Building consumer demand – steps to effective new product introduction


Bringing a new product to market is complex. You work through the product/market fit, a feature set, operational concerns and many other issues in the hope that your launch will be a success.

However, while focusing on these, many forget one of the key challenges – overcoming the “education gap” of your buyers, that is critical to building what your product must have to flourish: consumer demand.

Three stages of effective new-product introduction

Building demand for your product takes careful planning over 12 to 18 months. During this time, you will be targeting different audiences with different kinds of messages. While each is unique, the goal is the same: to help them understand the fundamental challenges that your product helps solve and how it can have a positive impact on their situation.

Stage 1: Pre-Launch (up to six months before launch)

During pre-launch, your goal should be to build excitement about the future. Sometimes this means simply raising awareness of what will be possible and how they will be able to solve a problem they may not have known existed or could be addressed. Use a challenge and solution based approach to your content to paint this vividly, and you will go a long way to nurturing an early interest in your product.

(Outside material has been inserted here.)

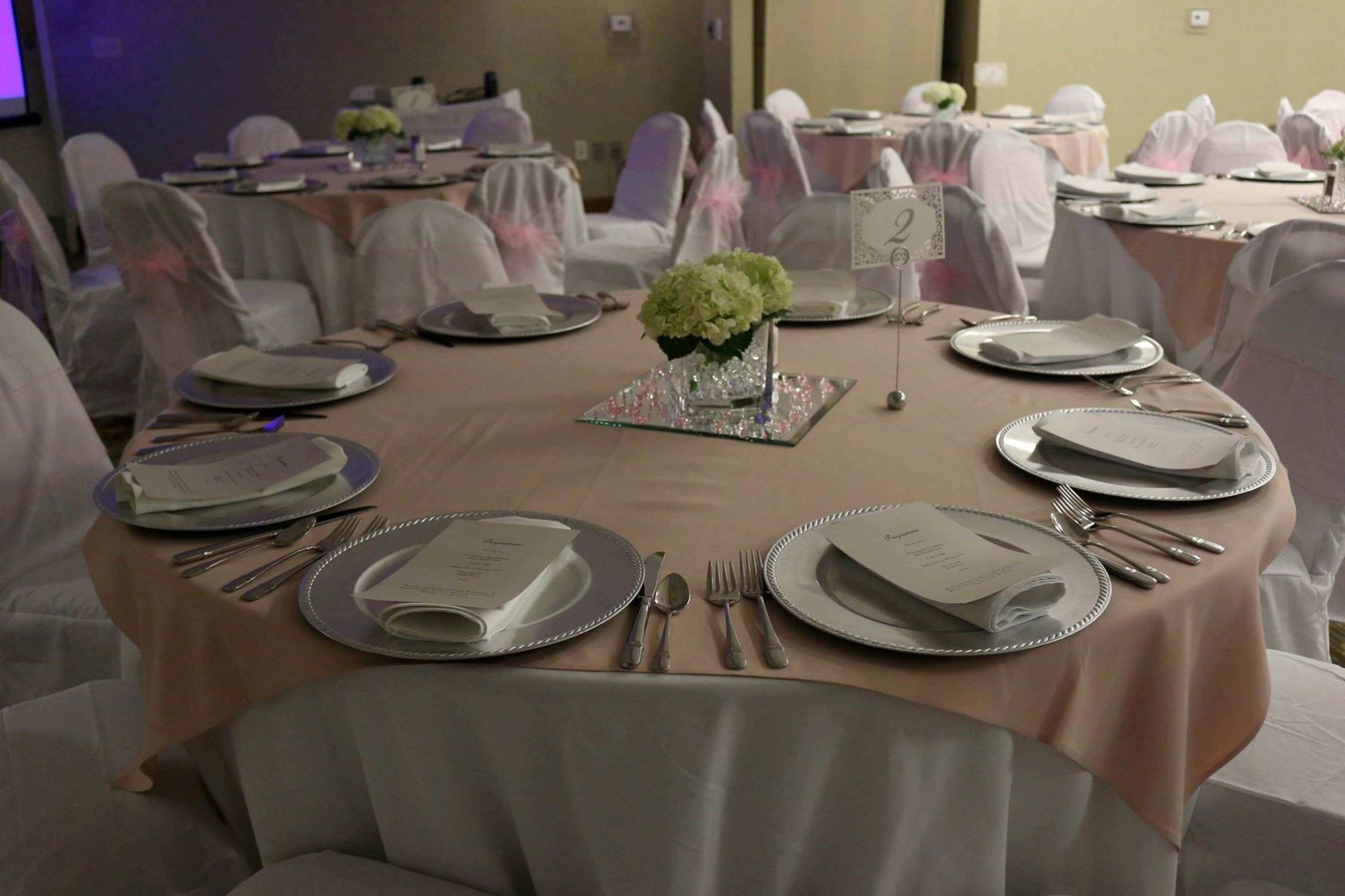 A banquet hall with round tables set for a formal event, each with silverware, plates, and a small vase of flowers.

You also need your internal audience excited about what’s coming. If your sales team gets behind the product you will have a much better chance of success. Engage your team early and provide them with regular training on product, industry and competitors in the category. 

In this stage your tactics should include:

  • Internal previews – and sales training
  • Trade publication content submissions using a challenge & solution approach
  • Customer invitations to preview webinars to see what’s coming
  • Recruitment of pilot or beta group members with free trial for product feedback, testimonials and reference once the product launches

Stage 2: Early Launch (up to six months after launch)

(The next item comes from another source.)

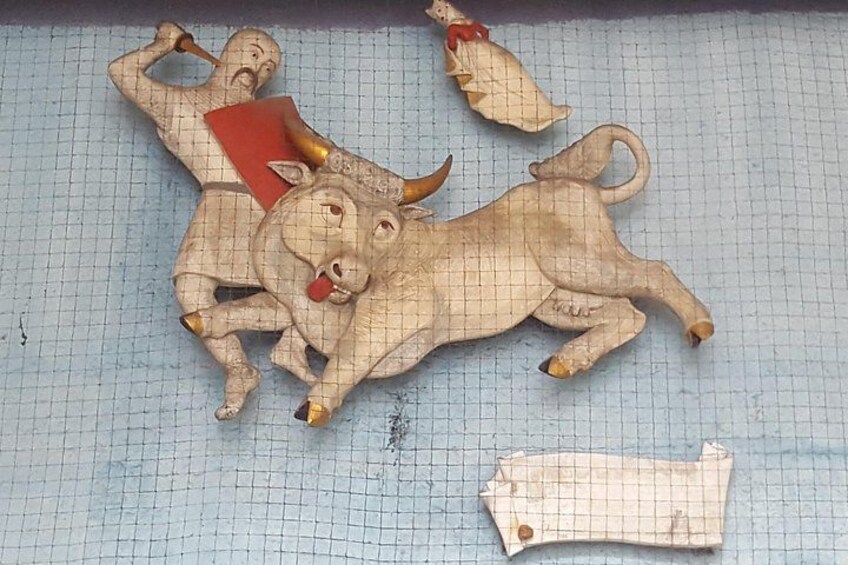 A bull and a man sculpture on a grid surface. 4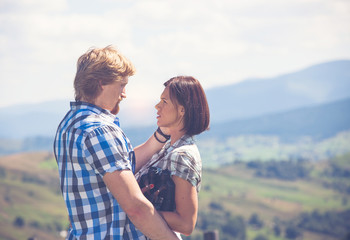 Happy beautiful couple of travelers in love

Your second stage begins the day you launch and continues for the next six months as you work to introduce your product to a broader audience. Here you are looking to influence a more pragmatic early majority customer base who needs more proof points to help in their purchase decision. Your content and messaging need to reflect this by still showing what’s possible but start to make it as real as possible.

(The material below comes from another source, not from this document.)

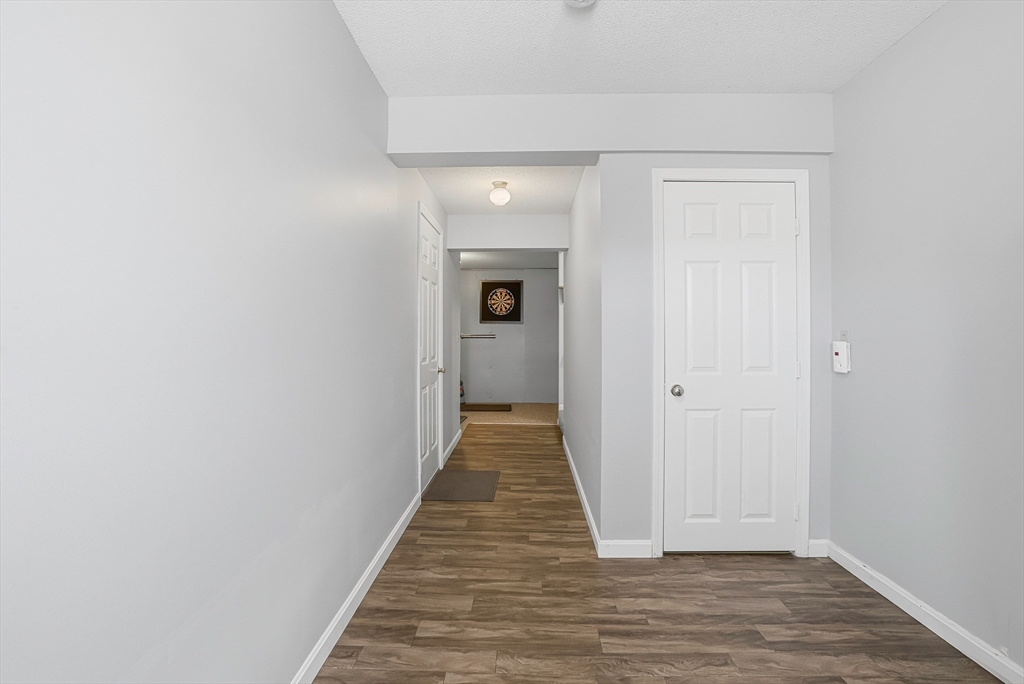 96 Century Way, Unit 96 Gardner, MA 01440 - Photo 7 of 41 a view of a hallway with wooden floor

This is where the customer testimonials and early case studies you nurtured within your pilot customers can be so helpful. You also need to ensure that your team has the tools they need to effectively sell into the market.  

In this stage your tactics should include:

  • Effective product messaging
  • Site content and download/engagement tools
  • Case studies and testimonials
  • Robust sales tools including sell sheets, FAQs and capability slides for the sales team

Stage 3: Late Launch (6+ months after launch)

The final stage of your launch should be centered around connecting with customers or prospects who may have missed out at the beginning of your launch. Sometimes this is simply a matter of timing, and sometimes it’s more a case of the buyer not wanting to be the first on a new platform.

Now your content needs to help educate these buyers that your product is not just a smart choice, it’s also a safe choice. Here you can use your product’s early successes in your messaging and leverage third-party endorsements to help move past their objections.    

This is also an excellent time for in-depth conversations with renewal customers about add-ons and product-level upgrades. 

In this stage your tactics should include:

  • Marketing automation messaging for renewal customers
  • Re-marketing campaigns for prospects that weren’t ready at launch.

Bringing a new product to market can be challenging, but if you focus on educating your buyers on how your product can help them solve their needs and challenges you will be off to a good start.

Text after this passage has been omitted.